1. Pad See Ew (obviously)
2. Do laundry
3. Listen to Ice Cube's "Today was a Good Day"
4. Listen to The Isley Brothers' "Footsteps in the Dark"
5. See #3
6. See #4





"Today was a Good Day" is probably one of my top 10 favorite songs and is an absolute essential for any decent bunk cleanup mix. I'm not a fan of the video and the "clean version" just doesn't sound as good as the explicit version. I mean, really, "my jimmy"?, come on Cube. Anyway, it's clear after listening to the second video that Ice Cube sampled from Mr. Isley and that's why I wanted to give "Footsteps in the Dark" some youtube love as well. It's only fair, plus "Footsteps in the Dark" is a pretty sassy song.

I think the best thing about getting an offer is that you'll be getting a significantly lighter dose of bitching from me, unless of course you like the bitching part. This offer is a game changer, it really is, especially since I thought it was going to be a rough road ahead job search-wise.
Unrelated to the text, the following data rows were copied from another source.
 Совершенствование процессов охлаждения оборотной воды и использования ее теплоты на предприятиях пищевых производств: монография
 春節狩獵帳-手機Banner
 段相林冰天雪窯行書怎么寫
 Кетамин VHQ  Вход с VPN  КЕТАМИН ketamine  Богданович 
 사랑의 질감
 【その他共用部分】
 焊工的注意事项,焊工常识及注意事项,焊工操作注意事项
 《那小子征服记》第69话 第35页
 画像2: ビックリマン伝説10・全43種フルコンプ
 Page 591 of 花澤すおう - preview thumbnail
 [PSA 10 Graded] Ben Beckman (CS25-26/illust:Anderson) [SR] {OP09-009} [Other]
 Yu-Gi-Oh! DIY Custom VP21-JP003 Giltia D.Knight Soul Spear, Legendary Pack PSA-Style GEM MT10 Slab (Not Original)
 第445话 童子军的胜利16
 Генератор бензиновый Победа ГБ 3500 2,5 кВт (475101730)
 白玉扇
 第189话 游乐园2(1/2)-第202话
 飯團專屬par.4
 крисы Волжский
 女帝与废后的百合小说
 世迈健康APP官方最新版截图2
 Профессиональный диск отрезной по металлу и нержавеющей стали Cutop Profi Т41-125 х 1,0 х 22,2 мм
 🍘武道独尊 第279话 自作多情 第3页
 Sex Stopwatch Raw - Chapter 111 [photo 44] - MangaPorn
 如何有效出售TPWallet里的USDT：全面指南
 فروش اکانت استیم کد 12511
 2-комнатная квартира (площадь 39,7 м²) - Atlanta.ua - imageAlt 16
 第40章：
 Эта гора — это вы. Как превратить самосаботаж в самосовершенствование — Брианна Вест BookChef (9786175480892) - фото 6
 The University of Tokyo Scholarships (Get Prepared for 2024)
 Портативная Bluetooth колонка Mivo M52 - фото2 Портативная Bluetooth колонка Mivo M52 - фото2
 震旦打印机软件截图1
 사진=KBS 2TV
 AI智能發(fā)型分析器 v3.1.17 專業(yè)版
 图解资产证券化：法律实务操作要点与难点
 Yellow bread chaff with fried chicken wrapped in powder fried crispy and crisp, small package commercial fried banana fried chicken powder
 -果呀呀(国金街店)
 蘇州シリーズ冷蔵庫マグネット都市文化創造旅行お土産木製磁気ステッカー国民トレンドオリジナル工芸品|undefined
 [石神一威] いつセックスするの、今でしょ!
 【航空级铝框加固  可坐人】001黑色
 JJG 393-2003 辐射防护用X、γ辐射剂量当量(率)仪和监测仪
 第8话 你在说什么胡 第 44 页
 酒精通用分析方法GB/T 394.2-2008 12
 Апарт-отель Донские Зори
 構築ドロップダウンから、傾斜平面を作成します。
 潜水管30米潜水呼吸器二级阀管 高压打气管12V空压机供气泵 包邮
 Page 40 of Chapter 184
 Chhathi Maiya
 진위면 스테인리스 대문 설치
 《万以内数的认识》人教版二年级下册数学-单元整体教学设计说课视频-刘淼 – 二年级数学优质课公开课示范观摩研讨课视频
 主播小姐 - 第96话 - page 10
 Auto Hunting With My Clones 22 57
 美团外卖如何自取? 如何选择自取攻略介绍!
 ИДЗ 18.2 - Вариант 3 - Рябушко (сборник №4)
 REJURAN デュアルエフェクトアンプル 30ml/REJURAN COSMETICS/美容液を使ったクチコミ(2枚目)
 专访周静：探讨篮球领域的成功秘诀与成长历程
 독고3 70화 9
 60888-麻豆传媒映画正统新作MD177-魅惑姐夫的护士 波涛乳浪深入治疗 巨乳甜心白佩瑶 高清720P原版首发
That's all I got. I'm beat. So, yes, today was in fact a good day. And the only footsteps in the dark will be me c-walking in my jammies tonight in celebration.

Tuesday, January 22, 2008

Eli's Coming




Sing along starting at 00:36

Eli's Coming. Hide your heart girl
I'm lip-syncing, I really play the drums
Girl! Eli's coming. You better Omaha!
Girl! Eli's coming. You better Omaha!
Girl! Eli's coming. You better Omaha!
Girl! Eli's coming. Omahahaaaa!
Hide It! You betta betta Omaha.
Eli's coming...betta walk walk.
But you'll never get away, no you'll never get away
From bro Peyton's shadow.
I walked with Troy Palomalu hey!
Eve-ry-where I go. OOOOOO!
Eli's Coming (She walked but she never got away)
Eli's Coming (She walked but she never got away)
Eli's Coming and he's comin' to get yaaaaa...

Chord change........(shenanigans, shenanigans....)


Oh man, that was fun. Isn't the best part at 1:54 when pink scarf guy does the we-sing-at-the-same-time-but-I'm-moving-the-microphone-between-us-thing, and the guy with Marv Albert's toupee has no clue what's going on. What a great video. I've probably watched that youtube clip at least 50 times in the past 48 hours. I can't get enough and I'm pretty sure the chick with the mustache is in my Valuations class. But the point is this, Eli freaking Manning, Giants, Super Bowl. Wow. And in case you don't know, "Omaha" is what Eli says every time he steps up to the line of scrimmage. Kind of like how Tom Brady always says "White 80, White 80" and Jared Lorenzen always says "Bacon Egg Cheese, Salt Pepper Ketchup".

Anyway, when that field goal went through the uprights in overtime I almost passed out. I don't think I've felt that type of pure joy and excitement in a long long time, which means that I need to get out a little bit more. The Giants proved to be a healthy distraction from the grind of class and the interview process. There is no guarantee on the job front, but there is a guarantee that in less than two weeks I'll get to watch the Giants play in the Super Bowl, and that's enough to keep the spirits high.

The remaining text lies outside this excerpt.